Damn, that was a good sleep!

By Supriya Ruparelia


How often do you wake up in the morning feeling well rested?

Not sleeping well plays havoc with your brain and body, affecting mental and physical functioning. It impairs emotions, social life, and physical well-being. Persistent sleep problems can lead to accidents, increased anxiety, poor job performance, and an overall decrease in your immune system.

In Ayurveda, sleep is considered a cornerstone of good health. Over thousands of years, we have studied the effects of various treatments to assist with a better night’s sleep.

Below I’ve combined both Ayurvedic and Western science to provide you with some solutions that will get you waking up feeling fresh.

1. There are very good reasons meditation and mindfulness have become effective tools for stress management and cultivating a sense of inner peace. Multiple sleep research studies have shown that incorporating meditation into your routine can enhance the quality of your sleep and increase daytime energy levels.

2. Maintaining a consistent daily routine (known in Ayurvedic medicine as ‘Dinacharya’), can have a positive impact on your overall well-being. Recent scientific findings support the notion that our genes carry biological clocks that influence optimal times for activities such as eating, sleeping, resting, digesting, and exercising. It’s recommended to aim for bedtime around 10pm, which aligns with the end of the Kapha period, when the body and mind naturally feel more tired.
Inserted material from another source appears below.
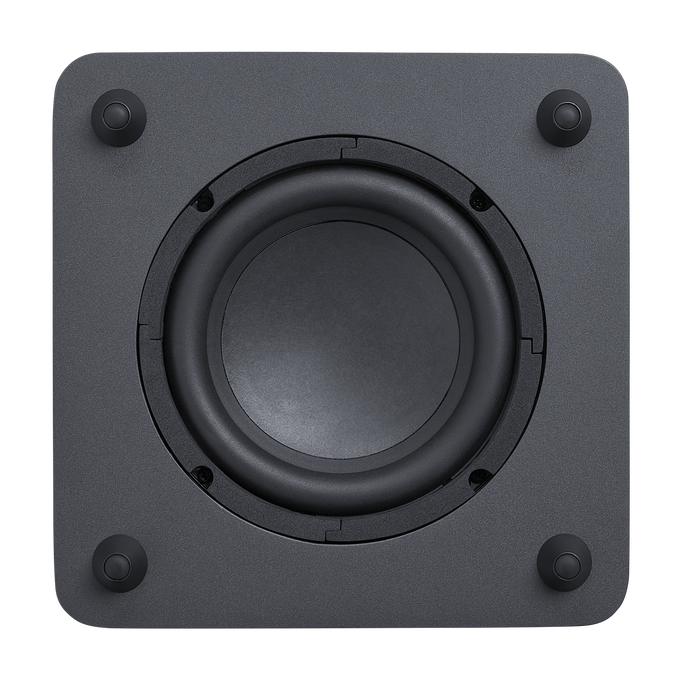 Subwoofer cuadrado gris oscuro con altavoz central y cuatro pies.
3. Consider trying Ayurvedic natural sleep aids. Experiment with the following options, one at a time, until you find what works best for you:

  • Saffron: Heat two to three threads of saffron in one cup of warm milk.
  • Nutmeg: Stir one large pinch of nutmeg into one cup of warm milk.
  • Poppy seeds: Soak ¼ to ½ teaspoon of poppy seeds in one cup of warm water or milk for a few hours, then drink it warm.
  • Brahmi: Steep one teaspoon of Brahmi powder in one cup of water. Please contact me if you want more information on this Ayurvedic herb.
  • Chamomile tea: Brew one tea bag or one teaspoon of loose chamomile leaves with one cup of water.

4. Get outside – The more sun exposure you get during the day, the greater your production of melatonin at night.  Melatonin is the body’s circadian sleep hormone.

5. Try the self-massage technique known as Abhyanga. Massage your face, head and under your feet with warm sesame oil.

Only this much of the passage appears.